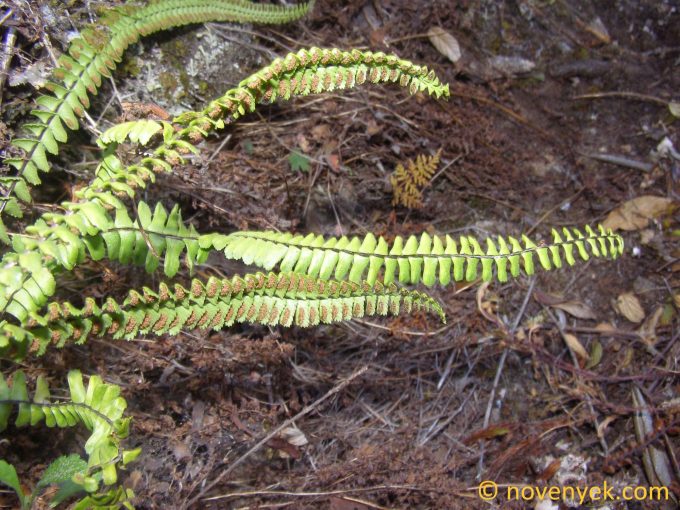 Image of plant Asplenium polyphyllum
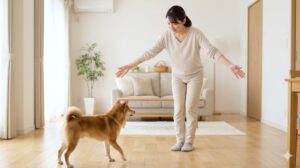 薄暗い夕暮れの道で、パニックになって走り去る柴犬に対し、追いかけずにその場にしゃがみ込み、背中を見せて落ち着くのを待つ日本人女性の飼い主。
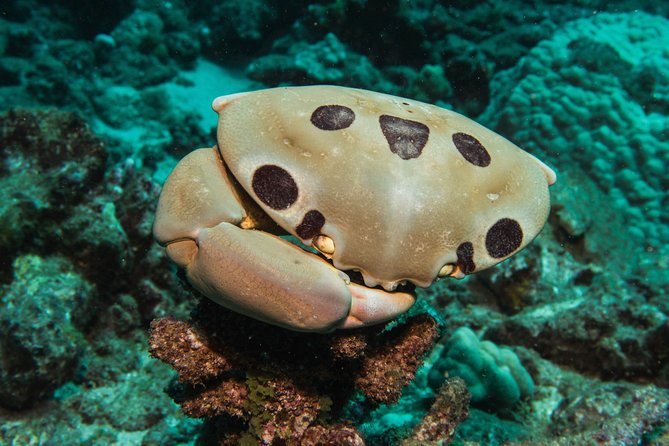 Maui Scuba Diving Introductory Lesson from Lahaina - A Quick Reality Check on Underwater Learning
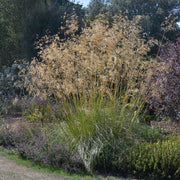 Stipa gigantea (Golden Oats) 9cm / 3L -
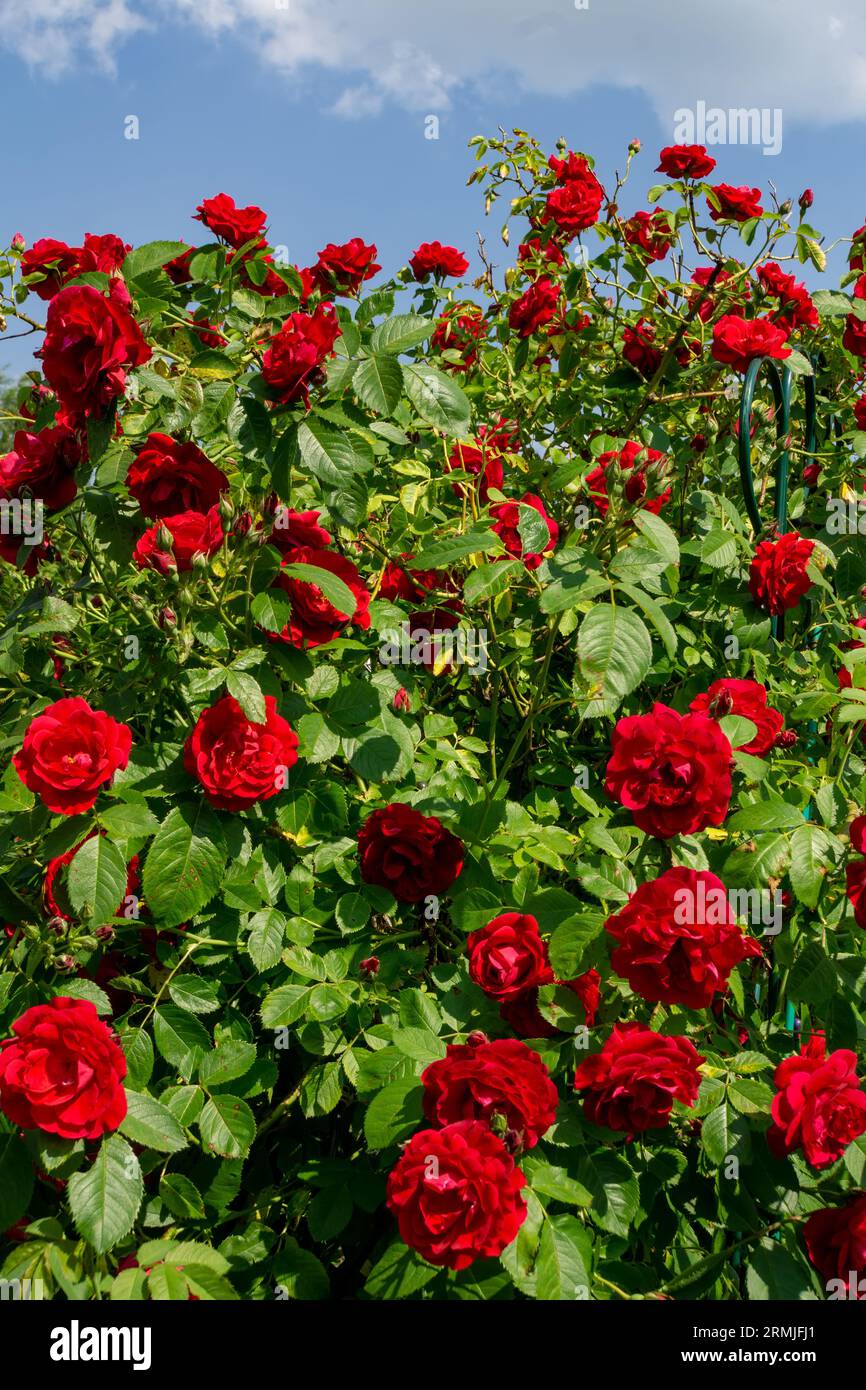 Bush of red climbing roses blooms in a sunny summer garden. Stock Photo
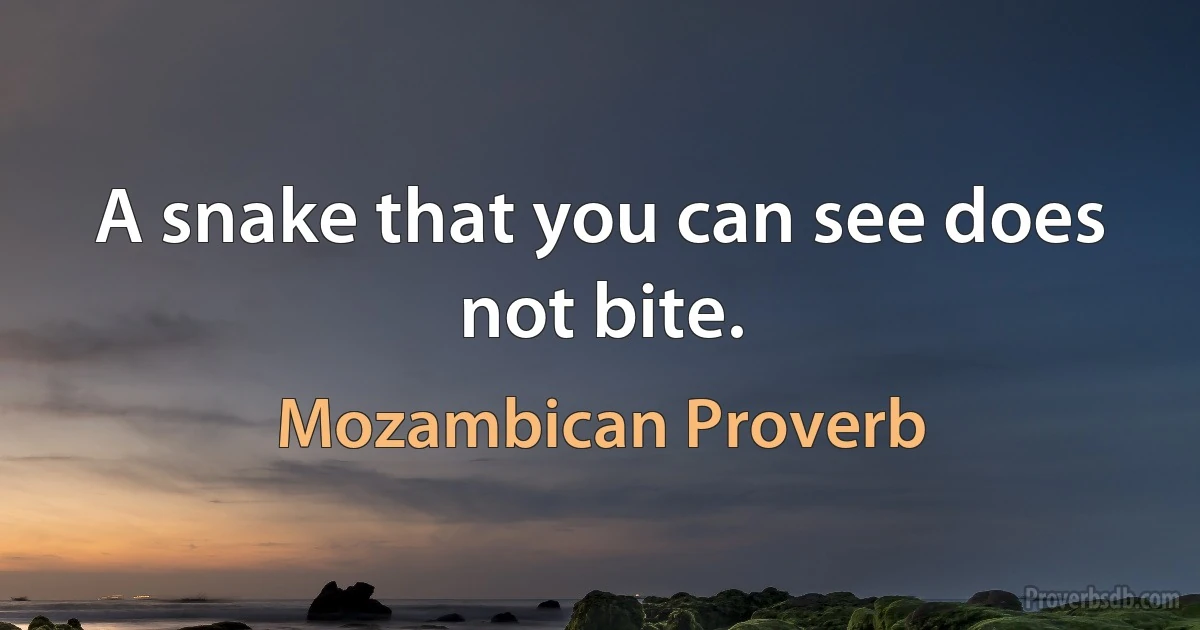 A snake that you can see does not bite. (Mozambican Proverb)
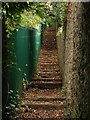 Steps to Worlebury Hill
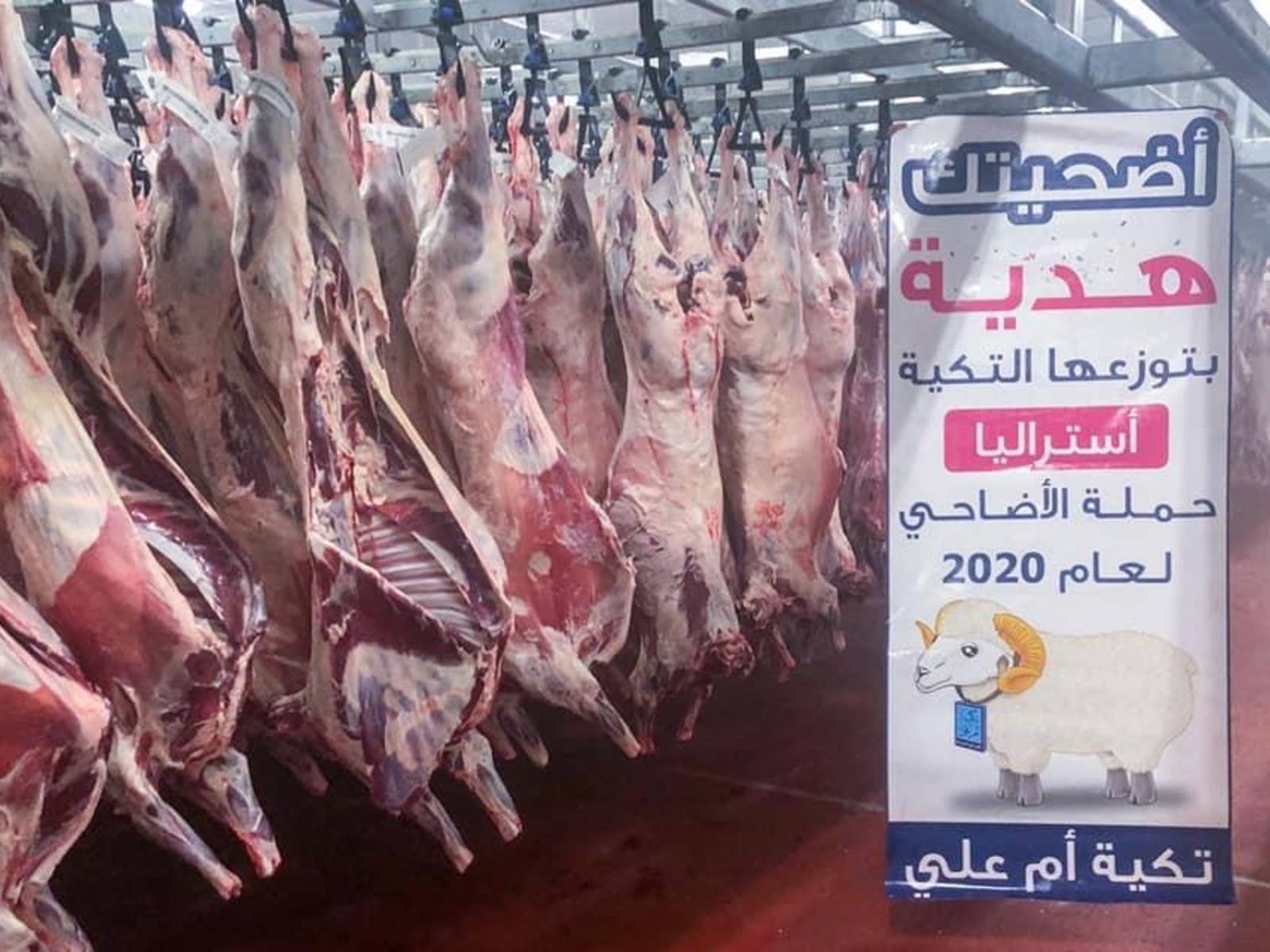 Aus Adahi meat Distribution 2020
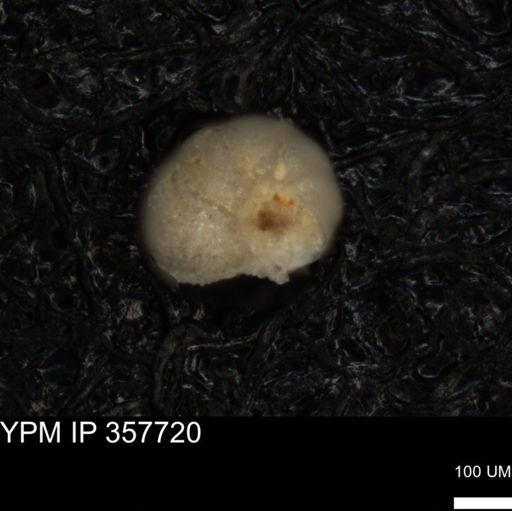 undet. Foraminiferida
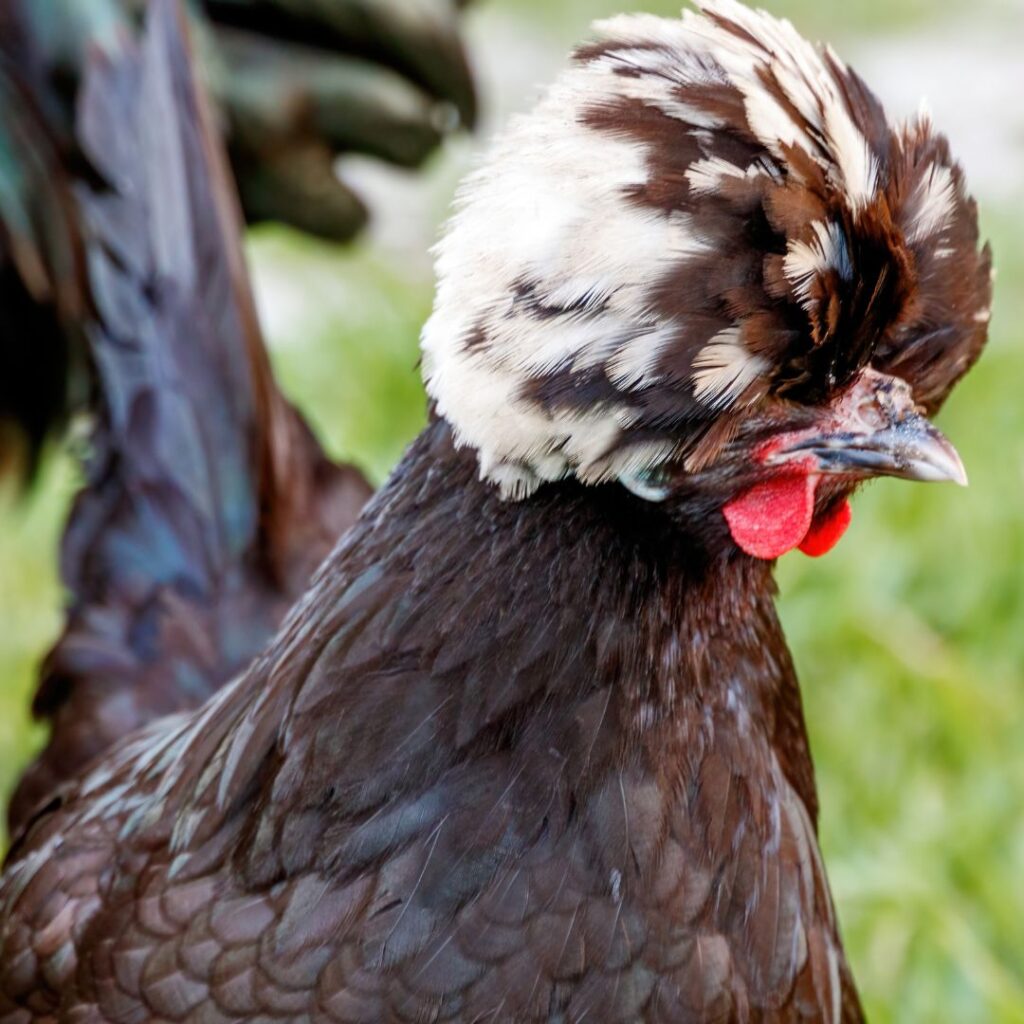 polish hen crested feathers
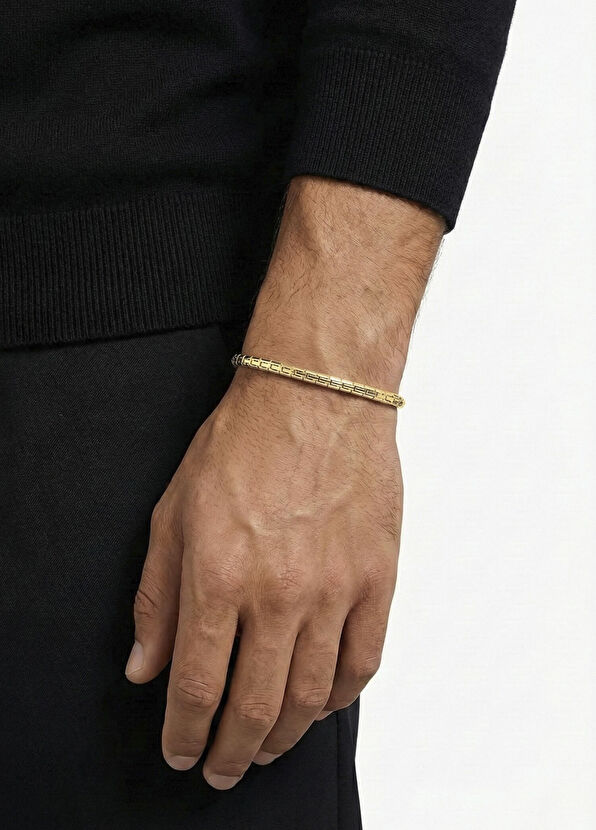 Kaplan Charm Delta 14 Ayar Altın Kaplama 925 Ayar Gümüş Erkek Bileklik - Görsel 3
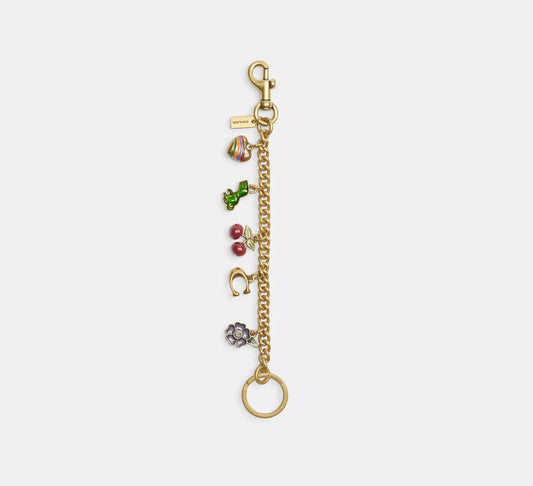 Extension Charm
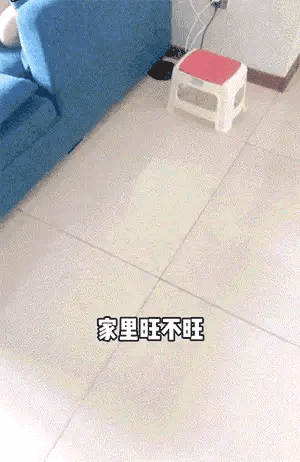 眼力測試！如果你看到的是一群人在游泳，那趕緊去看醫生吧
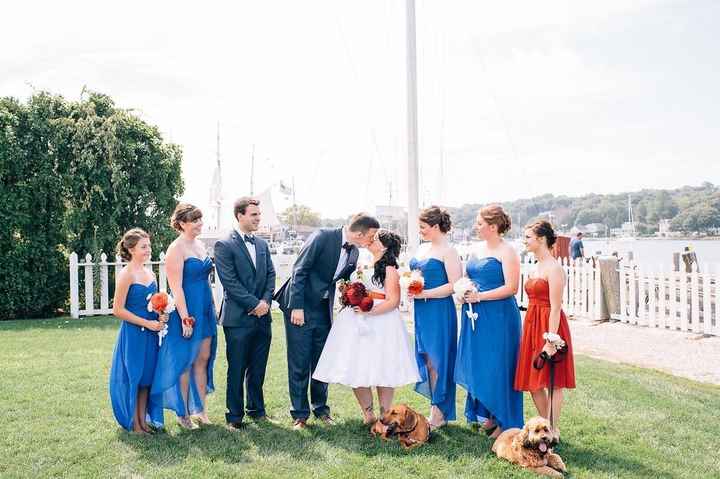 Dogs as part of bridal party?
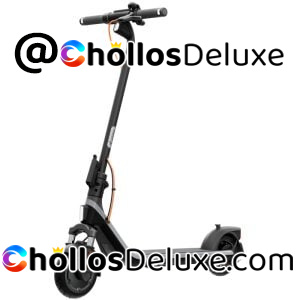 Segway Ninebot E2 Plus II Patinete Eléctrico
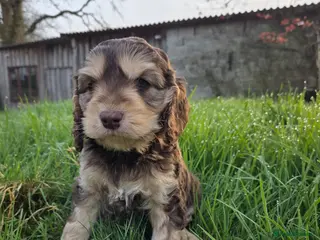 Cockapoo dogs Last beautiful cockapoo ready soon - Advert 5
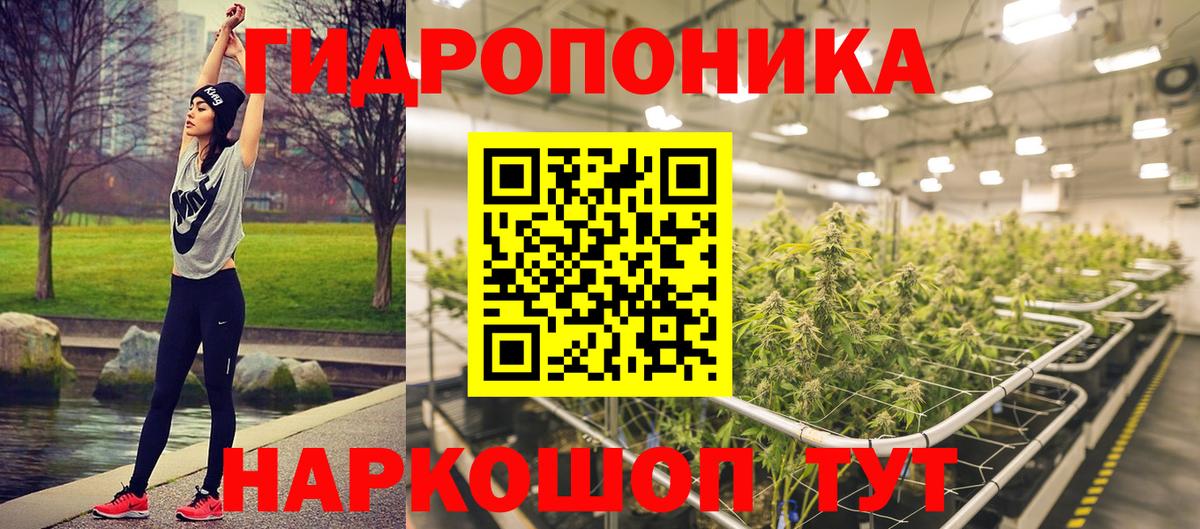 Бошки Шишки индика Балахна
◇ ◇ ◇ ◇ ◇ ◇ ◇
• [Work instructions]: Give again, exactly, each line from the one that contains "眼力測試！如果你看到的是一群人在游泳，那趕緊去看醫生吧" through the last line of the material above. Pictures do not belong in the copy.

• [Reply]:
 眼力測試！如果你看到的是一群人在游泳，那趕緊去看醫生吧
 Dogs as part of bridal party?
 Segway Ninebot E2 Plus II Patinete Eléctrico
 Cockapoo dogs Last beautiful cockapoo ready soon - Advert 5
 Бошки Шишки индика Балахна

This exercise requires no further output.